The New Year had barely started when Haiti was hit with a 7.0-magnitude earthquake, with an epicenter just 16 miles from the nation’s capital of Port-au-Prince. The quake, reportedly the worst in two centuries in the country, impacted up to 3 million people, according to the Red Cross.

The Haitian government reported that approximately 230,000 people died, and over a million were left homeless. It also reported that 30,000 commercial buildings were no longer usable.

The world wide response to the crisis was amazing, with a multitude of organizations and governments pledging money and other resources to rescue people and assist with rebuilding. This has not turned into a reality for the country – many of the pledges resources have still not been delivered.

Almost a year later, the majority of those displaced by the devastating earthquake still reside in shelters, in temporary tents and other makeshift housing.

The earthquake was not the only reason Haiti was in the news this year. This was an election year for the country, and the process was postponed because of the earthquake. Along with senators and deputy seats to be selected, a new president was to be selected.

Recording artist Wyclef Jean made the news with a bid to get on the ballot as a candidate for president, but failed because he did not meet the qualifications. But by the time the rescheduled elections took place on Nov. 28, no clear winner for president emerged from the field of 18 candidates for the office and the result kicked off unrest in the country. The runoff election is scheduled for mid-January 2011 between Mirlande Manigat, a former first lady of Haiti, and Jude Célestin, a candidate from the current governing party.

Jamaica was plunged into civil unrest and the government declared a state of emergency in two parishes in Kingston after shootings and firebomb attacks on police stations in May. According to reports, the attacks were related to keeping Christopher “Dudus” Coke out of the hands of authorities who’d finally agreed to extradite him to the United States as requested.

Coke is wanted in the U.S. as the leader of the Shower Posse, a group allegedly reponsible for murdering hundreds of people during cocaine wars in the 1980s. Coke, 42, took over the gang around 1991, after the death of his father and older brother.

The United States first request for Coke’s extradition was pushed aside by the Jamaician govenment in 2009. But in May it issued a warrant for Coke’s arrest. Reportedly 70 people – civilians and police – were killed before Coke, who’d been barricaded in the Tivoli Gardens, was apprehended at a checkpoint on June 22. He appeared in a U.S. Court on June 25, entering a plea of not guilty and is awaiting trial.

Many people are calling for the big oil conglomerate BP to go on trial for the catastrophe that propelled it into this year’s review. On April 20 the Deepwater Horizon drilling rig exploded, killing 11 workers, injuring 17 others and starting what has been described as the largest oil spill in U.S. controlled waters. The spill came from a sea floor gusher that released an approximate average of 53,000 barrels daily for 87 days. Until the well was capped on July 15, an estimated 206 million gallons of oil was released into the Gulf of Mexico.

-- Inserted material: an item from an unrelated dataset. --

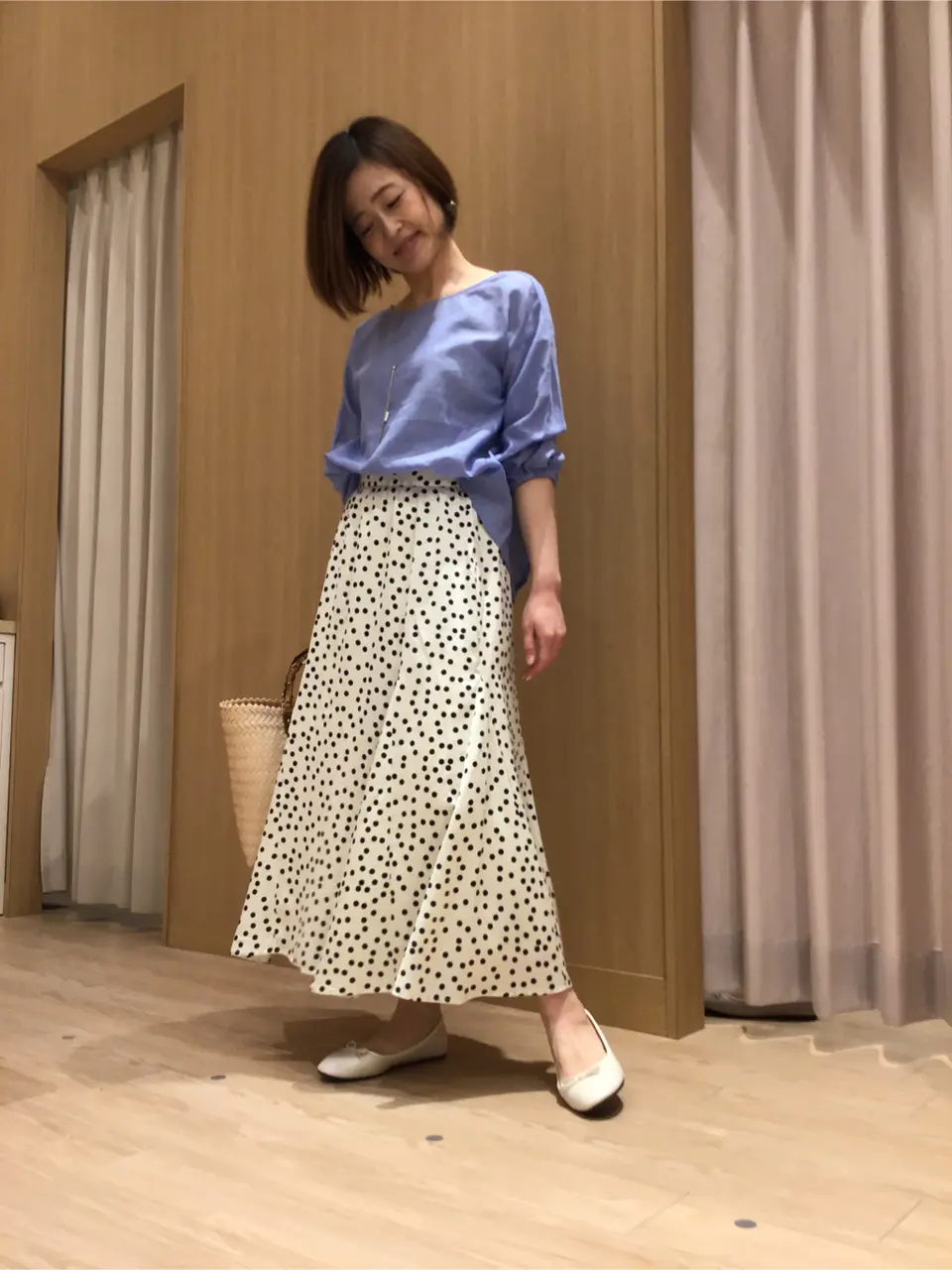 ANY 白石 コーディネート画像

The impact of this oil spill, which easily surpassed the volume of the Exxon Valdez spill in 1989, continues. Oil from the spill made it to the 125 miles of Louisiana coast and was found on Alabama, Florida and Mississippi barrier islands. A fisheries disaster for Alabama, Louisiana and Mississippi was declared by the federal government and a fishing ban remains in effect for approximately half of the Gulf.

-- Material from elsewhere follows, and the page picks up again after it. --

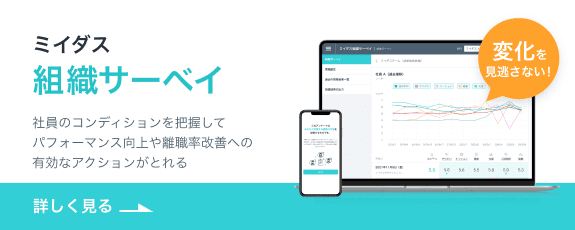 ミイダス組織サーベイ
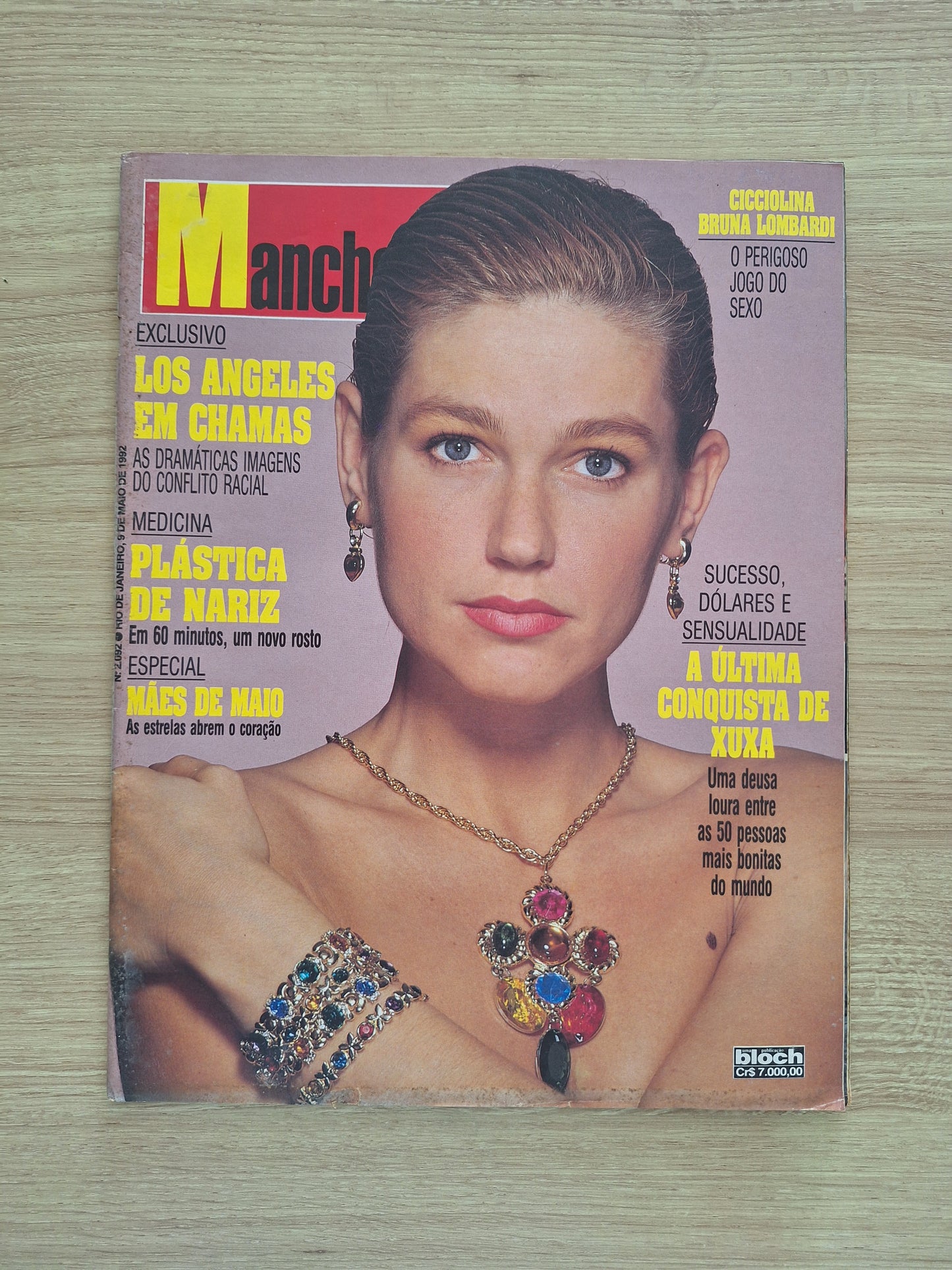 Revista Manchete 2092 (1992)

BP has agreed to foot the entire cost for cleanup effort and to pay all claims, spending, so far, over $3.2 billion. While there is still much to be done, the underwater well was officially declared sealed by the U.S. government on Sept. 19.

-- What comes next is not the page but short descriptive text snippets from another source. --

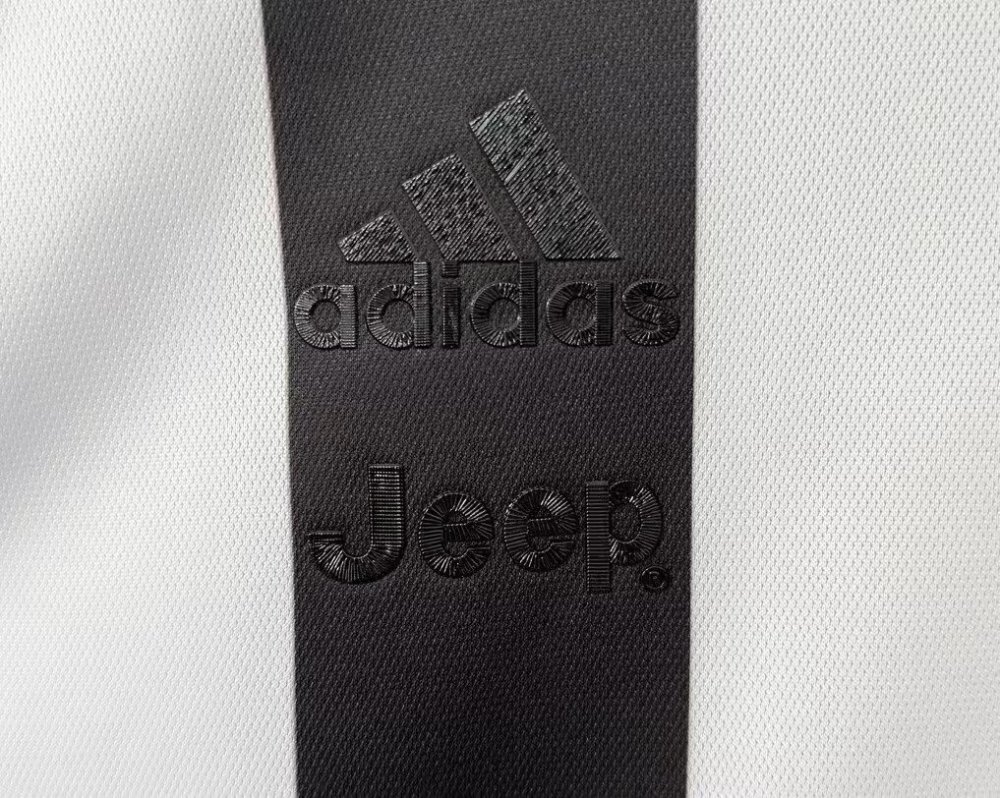 Juventus retro 120th anniversary jersey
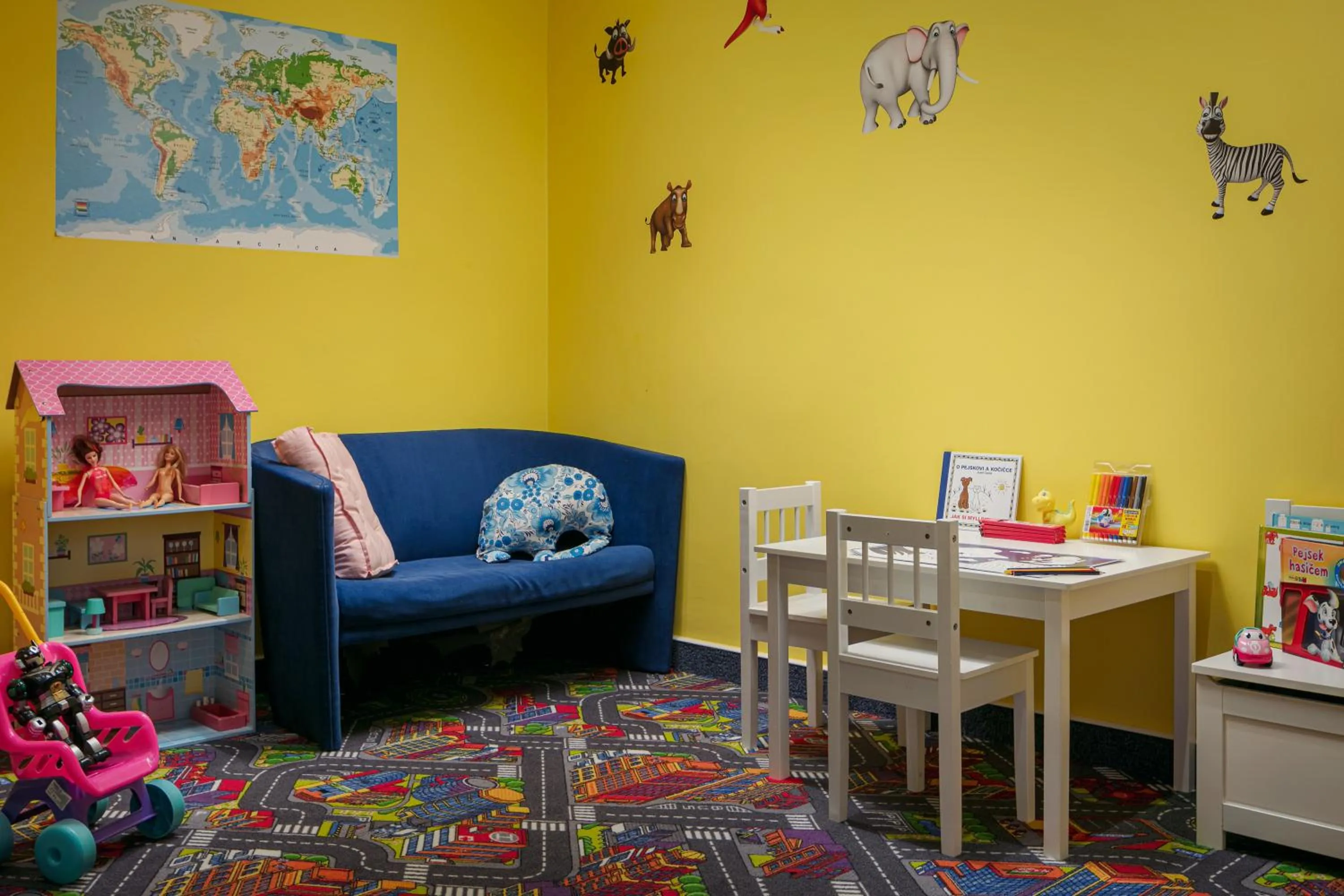 Kids's club in Panorama by Verdi Hotels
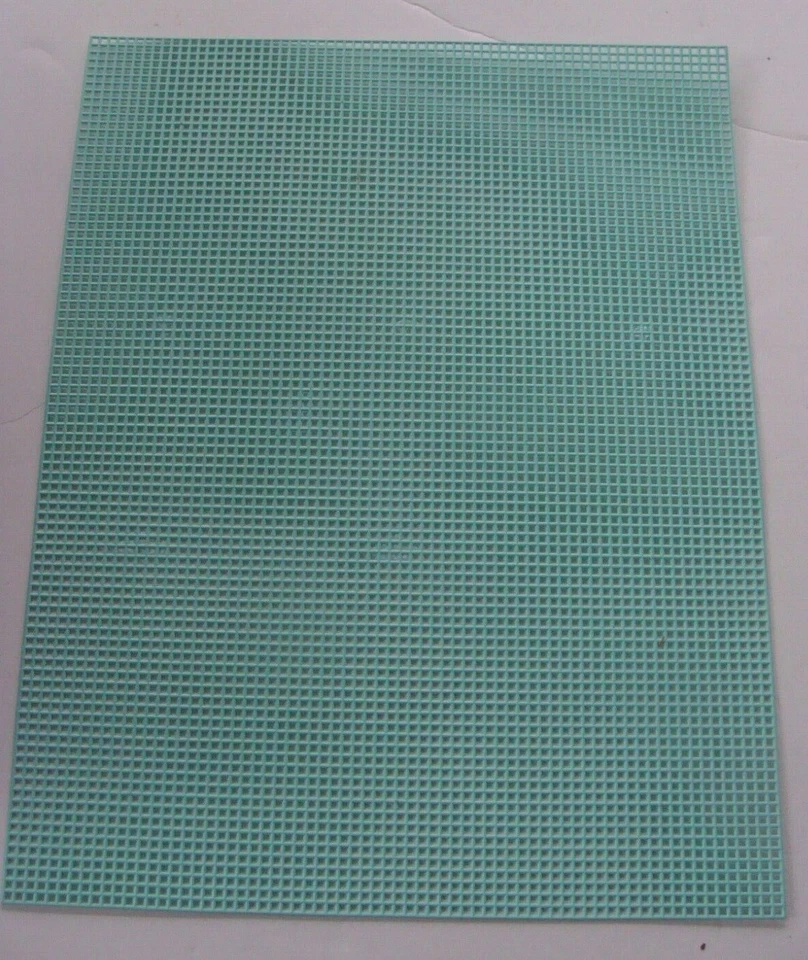 NEW UNUSED 10.5 x 13.5" Plastic Canvas Clear Colored Opaque - U PICK COLOR/BRAND - Image 1 of 4
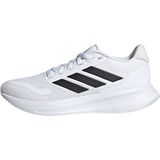 adidas Runfalcon 5 schoenen Junior lage schoenen die geen voetbal zijn, uniseks, Cloud White / Core Black / Core Black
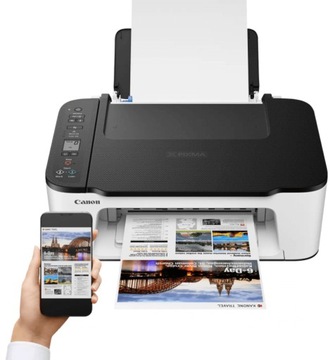 DRUKARKA DRUK SKAN WIFI TUSZE Canon PIXMA TS3452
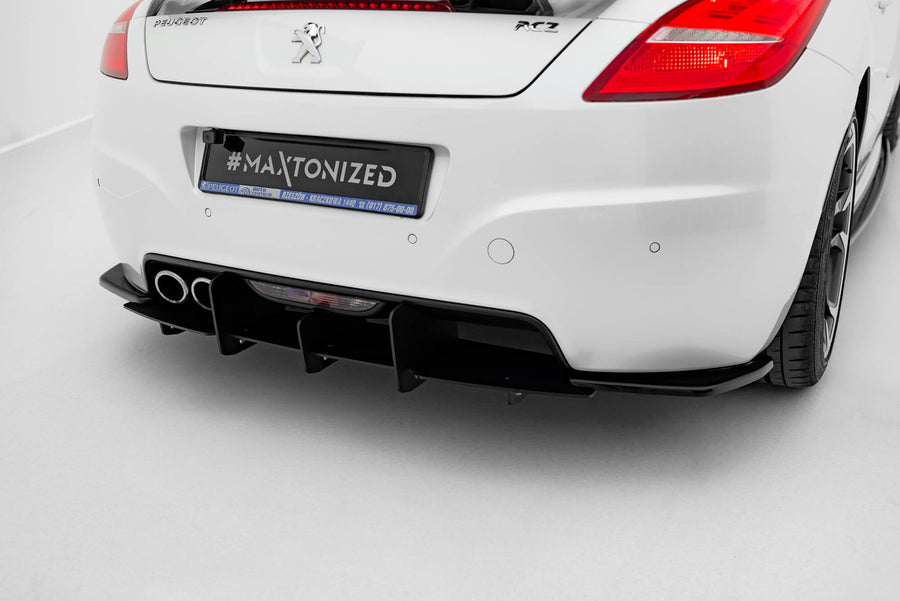 Maxton bagdiffuser til Peugeot RCZ Mk1 / Mk1 Facelift – billede 1 af 7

Freeing underground resources led to another disaster this year, but one with a much happier ending. On Aug. 5 a cave-in at the San Esteban copper and gold mine, near Copiapo, Chile, trapped 33 miners. The miners were able to make their way to an underground shelter – about 2,300 feet down – where some supplies were kept.

After 17 days, the miners sent a note out to the surface attached to a probe sent in by rescue crews. At the time rescuers said they would be able to send in food and supplies, but that it would take months – because of the instability of the mine and the depth of the trapped men – to get them out.

After 66 days, the miners emerged through a 28-inch hole that had been drilled and secured for their rescue as the world looked on.